Required work:
Go to the line in the entries below that holds "Ramada By Wyndham" and repeat exactly from there through the line that holds "THE COMEDIANS (US/FR", inclusive.

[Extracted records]
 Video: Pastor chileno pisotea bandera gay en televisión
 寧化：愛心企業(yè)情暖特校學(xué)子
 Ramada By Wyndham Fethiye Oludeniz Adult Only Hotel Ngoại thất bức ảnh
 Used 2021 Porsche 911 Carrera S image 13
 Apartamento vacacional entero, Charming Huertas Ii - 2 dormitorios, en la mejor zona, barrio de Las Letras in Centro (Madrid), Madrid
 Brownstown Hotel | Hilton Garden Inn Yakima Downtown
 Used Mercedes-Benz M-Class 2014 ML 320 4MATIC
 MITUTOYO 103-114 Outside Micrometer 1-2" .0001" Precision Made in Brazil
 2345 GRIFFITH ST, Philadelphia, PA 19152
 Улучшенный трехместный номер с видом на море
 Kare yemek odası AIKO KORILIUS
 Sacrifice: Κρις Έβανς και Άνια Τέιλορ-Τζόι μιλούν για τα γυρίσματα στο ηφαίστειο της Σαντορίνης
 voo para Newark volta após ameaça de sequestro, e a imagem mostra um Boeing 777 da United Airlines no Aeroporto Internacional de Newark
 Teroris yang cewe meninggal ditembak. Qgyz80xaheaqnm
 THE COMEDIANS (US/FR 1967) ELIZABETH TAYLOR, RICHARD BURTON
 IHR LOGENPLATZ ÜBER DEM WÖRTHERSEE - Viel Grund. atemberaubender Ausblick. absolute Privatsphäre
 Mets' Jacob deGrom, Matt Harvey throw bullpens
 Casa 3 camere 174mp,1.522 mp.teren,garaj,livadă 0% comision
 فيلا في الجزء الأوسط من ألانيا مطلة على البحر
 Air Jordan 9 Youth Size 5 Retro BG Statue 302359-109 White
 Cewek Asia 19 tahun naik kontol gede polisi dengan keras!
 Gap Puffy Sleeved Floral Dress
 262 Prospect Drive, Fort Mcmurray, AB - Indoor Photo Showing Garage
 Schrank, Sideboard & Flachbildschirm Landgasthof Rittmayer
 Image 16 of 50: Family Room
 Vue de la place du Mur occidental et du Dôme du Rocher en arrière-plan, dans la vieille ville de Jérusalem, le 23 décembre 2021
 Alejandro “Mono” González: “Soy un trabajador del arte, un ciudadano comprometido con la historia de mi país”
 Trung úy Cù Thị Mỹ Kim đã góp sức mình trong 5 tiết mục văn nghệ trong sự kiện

Result for this exercise:
 Ramada By Wyndham Fethiye Oludeniz Adult Only Hotel Ngoại thất bức ảnh
 Used 2021 Porsche 911 Carrera S image 13
 Apartamento vacacional entero, Charming Huertas Ii - 2 dormitorios, en la mejor zona, barrio de Las Letras in Centro (Madrid), Madrid
 Brownstown Hotel | Hilton Garden Inn Yakima Downtown
 Used Mercedes-Benz M-Class 2014 ML 320 4MATIC
 MITUTOYO 103-114 Outside Micrometer 1-2" .0001" Precision Made in Brazil
 2345 GRIFFITH ST, Philadelphia, PA 19152
 Улучшенный трехместный номер с видом на море
 Kare yemek odası AIKO KORILIUS
 Sacrifice: Κρις Έβανς και Άνια Τέιλορ-Τζόι μιλούν για τα γυρίσματα στο ηφαίστειο της Σαντορίνης
 voo para Newark volta após ameaça de sequestro, e a imagem mostra um Boeing 777 da United Airlines no Aeroporto Internacional de Newark
 Teroris yang cewe meninggal ditembak. Qgyz80xaheaqnm
 THE COMEDIANS (US/FR 1967) ELIZABETH TAYLOR, RICHARD BURTON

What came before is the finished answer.